Downloads
Home
News
Downloads
Tutorials
User Manual
Reference Manual
Developer Manual
Forums
Team Members
Future Work
FAQ
Links

Developing Topographica with Git

The master repository for Topographica code is stored by Subversion (SVN) at SourceForge.net. It is often useful to work on separate copies of the code, either to develop a new, complicated feature, to make far-reaching changes that need extensive testing, or to keep track of changes useful only at your local site (such as private research code). In such cases it can be useful to use the Git version control tool to establish a local branch of Topographica, so that you can have the benefits of version control (keeping track of different revisions) without necessarily affecting the global repository. If it does turn out that the local changes would be useful to other Topographica users, they can then be "pushed" onto the global repository for everyone to use once they are completed.

SVN's own branching and merging facilities can be used in some cases, but (a) they are only available to Topographica developers, (b) they are far more difficult to use and error-prone than those from git and other distributed version control systems, (c) they require constant access to a centralized server, and thus cannot provide version control when no network connection is available, and (d) most operations are slow, in part because of the dependence on the remote server. Branches maintained using git have none of these problems, and because git can work seamlessly with the centralized SVN server when necessary, git can be very useful for any of the uses mentioned above.

Installing git on your machine

Although git is not typically installed in most Linux distributions, it is usually easy to add it. E.g. for Debian or Ubuntu Linux, just do 'apt-get install git git-svn git-doc'; for others you can get installation packages from git.or.cz. The git-svn package allows git to connect to Topographica's SVN repository. Note that you should try to get Git version 1.6.5.3 (used while writing this document) or later. If you are building from source, you can skip git-doc, which can be difficult to compile, and is anyway available online.

Getting the Topographica code

First, you need to select the revision from which you would like your git history to begin. For most work, a recent revision is fine (but make sure the path you want to get actually existed in that revision). Then, you can execute the following:

# location of SVN repository
$ export TOPOROOT=https://topographica.svn.sourceforge.net/svnroot/topographica

# create directory to hold new files
$ mkdir topographica; cd topographica

# create a new Git repository
$ git svn init $TOPOROOT/trunk/topographica

# retrieve the SVN files and history
# (you can choose a value for r - choose a recent svn revision)
$ git svn fetch -r10782; git svn rebase
(substituting values appropriate for what you wish to do; e.g. you can get more history by changing -r). If you're getting a recent revision of the topographica code (and not facespace), the new directory will occupy about 124 megabytes (as of February 2008).

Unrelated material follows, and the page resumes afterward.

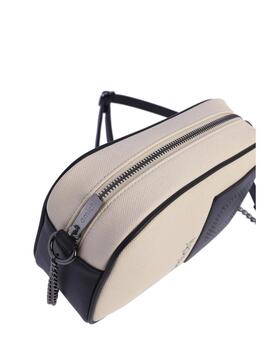 Bandolera AMICHI beige-negro logo perforado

If you wished, you could get the complete history of the Topographica project, using:

 git svn clone $TOPOROOT/trunk/topographica topographica
instead of all of the above commands after export, to make a new directory topographica/ with a copy of the entire repository (620MB as of 2/2008) plus a working copy. This will usually take 2-3 hours to run, although you would only need to do it once (because after that you could use branches to create different versions). Note that this only gets the trunk; if you want all tags and branches as well (which seems unlikely), you can use the -T and -B options described in the git manual. In any case, this method is not usually necessary, unless you want to do some comparison across a wide range of historical versions of Topographica.

After you have the source code, you probably want to build Topographica. You probably also want to instruct git to ignore the same files as SVN ignores:

(echo; git svn show-ignore) >> .git/info/exclude
If svn:ignore properties are subsequently changed in the SVN repository, you will have to update your exclude information.

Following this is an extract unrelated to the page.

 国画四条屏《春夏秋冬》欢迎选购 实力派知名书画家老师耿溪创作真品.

Working with your Git repository

Now that you have the Topographica source code in your own Git repository, you are free to work on it as you wish. You can commit files, add files, delete files, and so on. All operations that you perform with git (such as diff and commit) are local; only operations with git svn have the potential to modify the SVN repository.

If you are new to Git, you might find the Git tutorial useful. We recommend that you read through the crash course for SVN users, which will help you to avoid being surprised by differences between similarly named git and svn commands. If you are still puzzled by a particular operation in Git, the Git FAQ is often helpful.

Before committing to your repository for the first time, you should identify yourself to git:

ceball@doozy:~/g$ git config --global user.email user@address.ext
ceball@doozy:~/g$ git config --global user.name "User Name"
You should also check that your machine has the correct time and date, otherwise your history can become confusing. Other configuration options are available by reading man git-config.

After working on your own repository, there are a couple of operations that you will probably want to perform at some stage: tracking other peoples' changes to the Topographica SVN repository, adding your changes to the Topographica SVN repository, and sharing your Git repository. These are discussed in the following sections.

Tracking Topographica's SVN repository

To get updates from the Topographica SVN repository, your own copy should have no uncommitted changes. (If you do have uncommitted changes, the git stash command allows you to store those changes for later retrieval.)

# (git stash if required)
$ git svn rebase
# (git stash apply; git stash clear if required)
rebase moves a whole branch to a newer "base" commit; see Keeping a patch series up to date using git-rebase from the Git user manual for further explanation.

Sending your changes to Topographica's SVN trunk

Changes that you have committed in your local git repository are not automatically exported to the main SVN repository for Topographica, letting you use version control even for things that are not meant to be part of the main Topographica distribution. If you do want your changes to be made public, then run:

git svn dcommit
This will send each of your git commits, in order, to the SVN repository, preserving their log messages, so that to an SVN user it appears you made each of those changes one after the other in a batch.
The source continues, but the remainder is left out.